=== Section Start ===

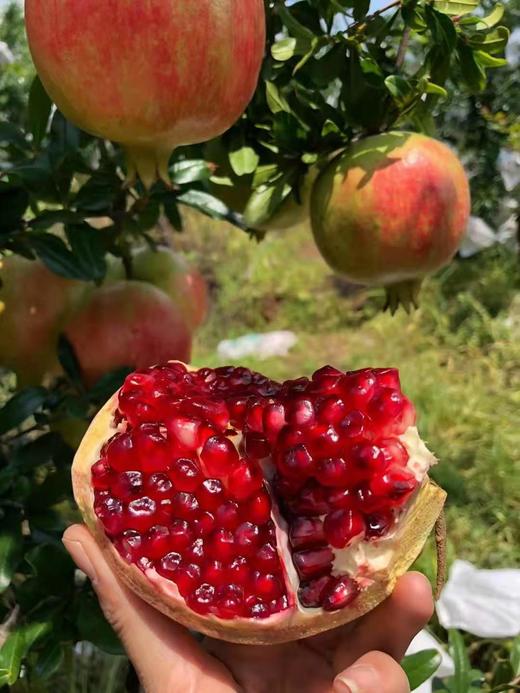 突尼斯软籽红石榴5斤/8斤 可以喝的“雅诗兰黛” 不吐籽 香甜多汁 红色璀璨如宝石 颗颗饱满 老少皆宜 商品图1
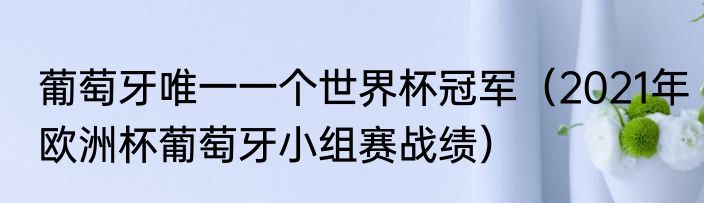 葡萄牙唯一一个世界杯冠军（2021年欧洲杯葡萄牙小组赛战绩）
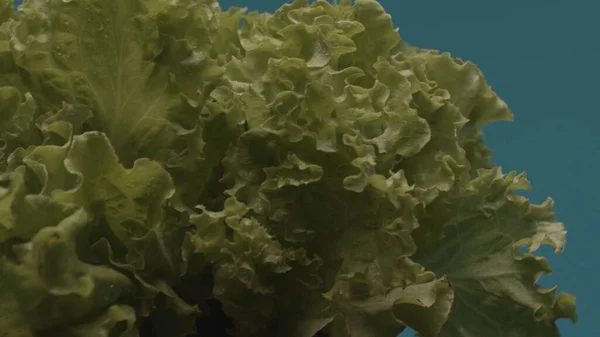 Salatblätter mit Wassertropfen isoliert auf türkisfarbenem Hintergrund. Archivmaterial. Nahaufnahme von nassen grünen Blättern, Konzept der biologischen und gesunden Ernährung. — Stockfoto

=== Section End ===

* Exercise description *
Please write out exactly the lines from the one holding "葡萄牙唯一一个世界杯冠军（2021年欧洲杯葡萄牙小组赛战绩）" through the last line of the material above, both included, as a copy without pictures.

* Answer to this exercise *
 葡萄牙唯一一个世界杯冠军（2021年欧洲杯葡萄牙小组赛战绩）
 Salatblätter mit Wassertropfen isoliert auf türkisfarbenem Hintergrund. Archivmaterial. Nahaufnahme von nassen grünen Blättern, Konzept der biologischen und gesunden Ernährung. — Stockfoto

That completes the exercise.